[Data shown]
-------------------------
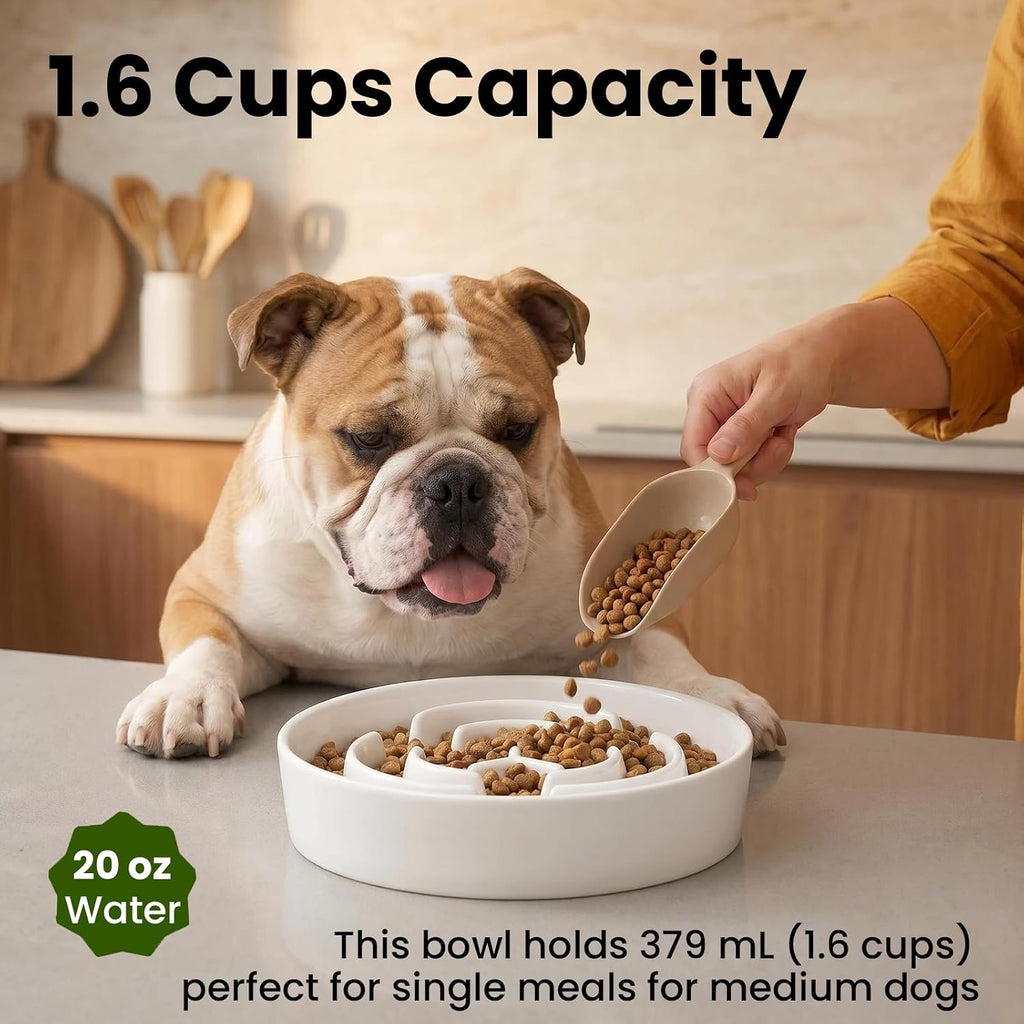 Ceramic Slow Feeder Dog Bowls 1.6 Cups for Medium & Small Fast Eaters,White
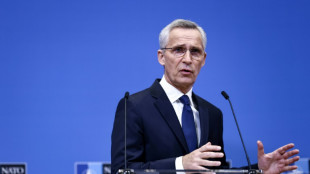 Nato will der Ukraine in Bukarest Winterhilfe zusagen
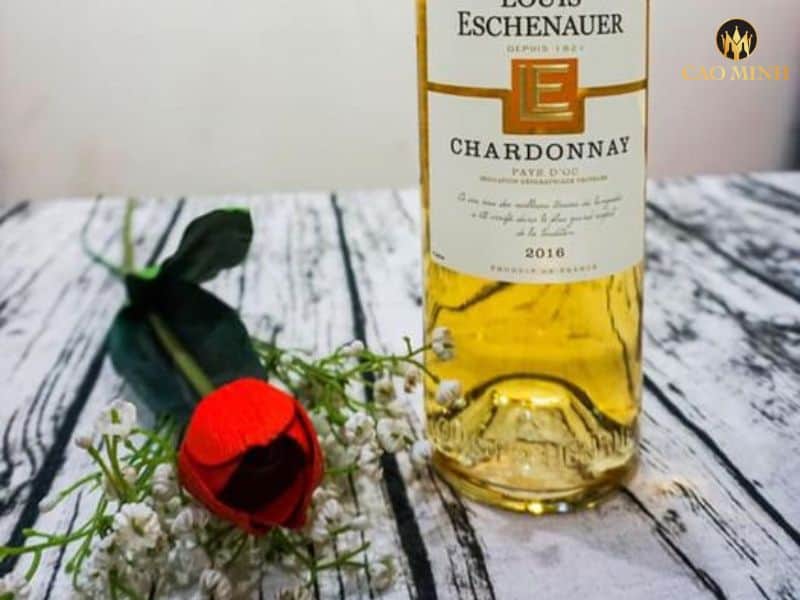 Nếm thử hương vị tuyệt vời của chai rượu vang Louis Eschenauer Chardonnay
-------------------------
[Your goal]
What you need to copy is the run of lines from the one holding "Nato will der" through the end of the data, exactly and only, both ends included, pictures omitted.

[Written answer]
 Nato will der Ukraine in Bukarest Winterhilfe zusagen
 Nếm thử hương vị tuyệt vời của chai rượu vang Louis Eschenauer Chardonnay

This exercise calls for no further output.